Here at the Kyoouji (pron: kyo-oh-gee) Temple in central Tokyo, monk Kansho Tagai offers prayers throughout the day.
Tagai, who heads a 400-year-old Buddhist temple, has been a local icon who has gained the nickname "Mr. Happiness".
Once in a while, he goes on stage, rocking the audience with hip hop beats and rapping Buddhist sutra in modern Japanese.
Standing in front of an audience full of Japanese youth sporting the latest streetwear, Tagai leads the crowd as they wave their hands from side to side and bob their heads to the lyrics.

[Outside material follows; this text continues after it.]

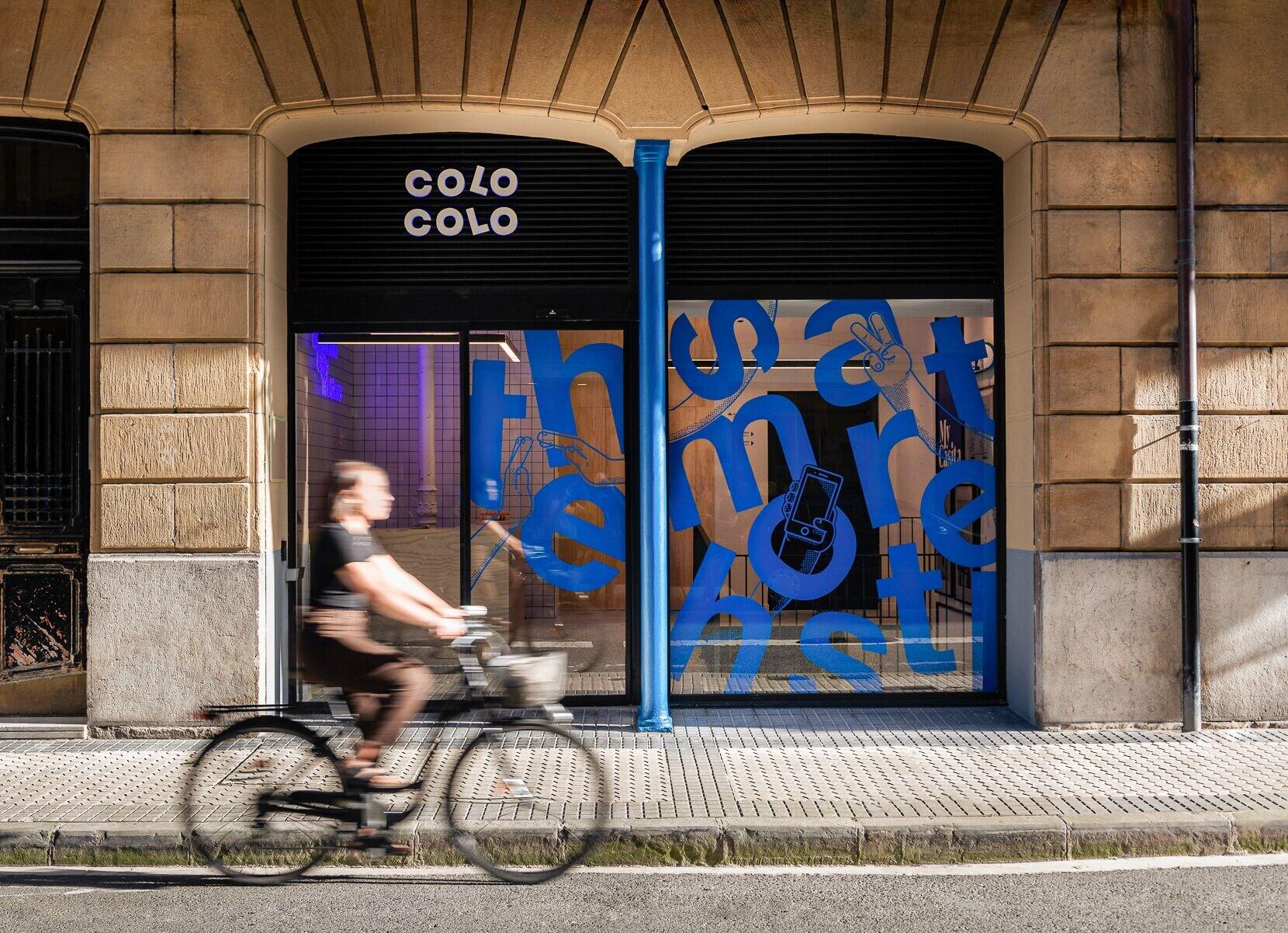 Vista Exterior Colo Colo. The Smart Hostel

Tagai says the idea of rapping Buddhist sutras came to him very naturally.
"When I listened to rap music for the first time, it was in English so I couldn't understand a word. And I realised that the same can be said for Buddhist sutras because most people can't understand a word. But the thing is, listening to rap music makes you feel good even though it may be incomprehensible," Tagai, who has been rapping in front of his followers since 2006, told Reuters on Wednesday (February 3).

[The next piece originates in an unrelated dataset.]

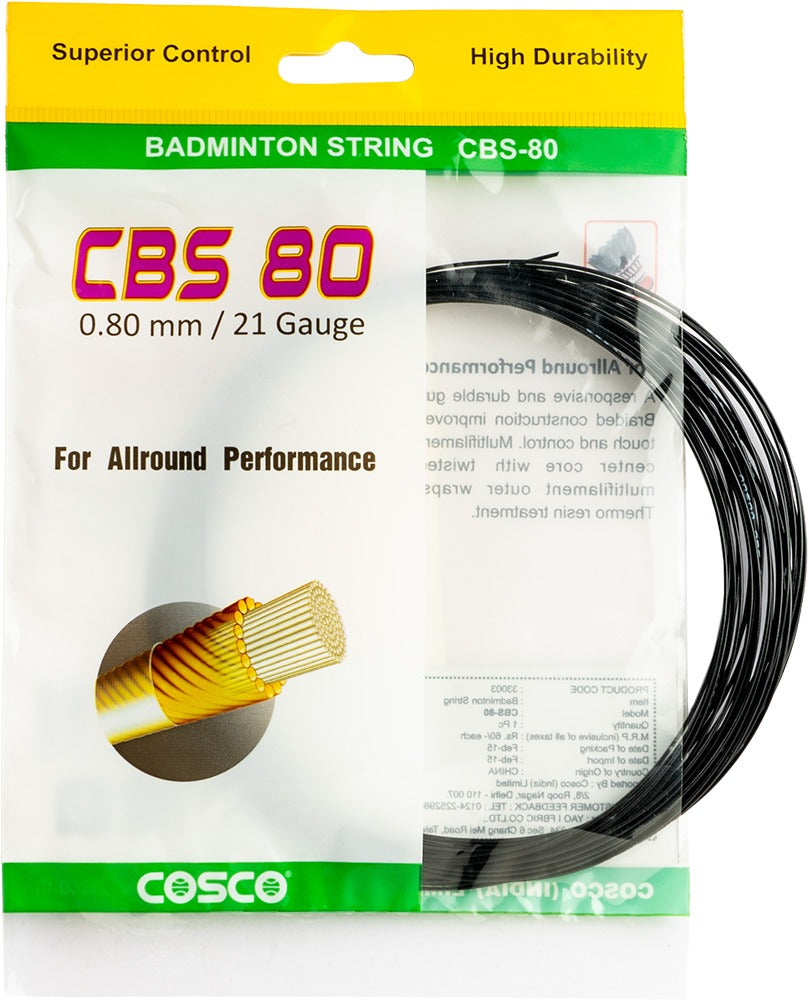 Detec™Cosco Cbs-80 बैडमिंटन स्ट्रिंग (2 पीस का सेट)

The 49-year-old rapper monk hosts a variety of youth events at his temple from time to time inviting children, students and artists to take part in a non-traditional and open session.
There, he guides them through various Buddhist teachings and rituals, using simple and modern Japanese words blended with hip hop.
By adding the new twist, Tagai hopes to attract more young people to the world of Buddhism.
"With our new approach to the younger generation, I really hope that they'll see the fun side or Buddhism and actually be interested in the religion," he said.
Though Tagai ended up surprising many of his traditional Buddhist followers when he first performed as MC Happiness, they soon turned into avid fans.
"He really amazes everyone with his talent. When I first saw him on the stage, I was like 'wow!'" said 58-year-old Buddhist follower Yuriko Watanabe.
Tagai has yet to freestyle in front of an audience, but he is trying to break into a new genre - mixing Buddhist chants with tap-dancing.
The temple's first tap-dancing show, which is scheduled for later this month, will have a professional tap dancer rock to the beat of Tagai's chants.
The monk rapper also plans to make a special appearance on stage as a dancer instead of as a rapper.
After moon-walking across the temple floor, Tagai says he might try dancing Samba in another session.
Buddhism was introduced to Japan in the sixth century and has become a mainstream religion in Japan with Shintoism.
According to Japan's Agency for Cultural Affairs statistics for 2006, there are about 196 million people who consider themselves both Shintoist and Buddhists.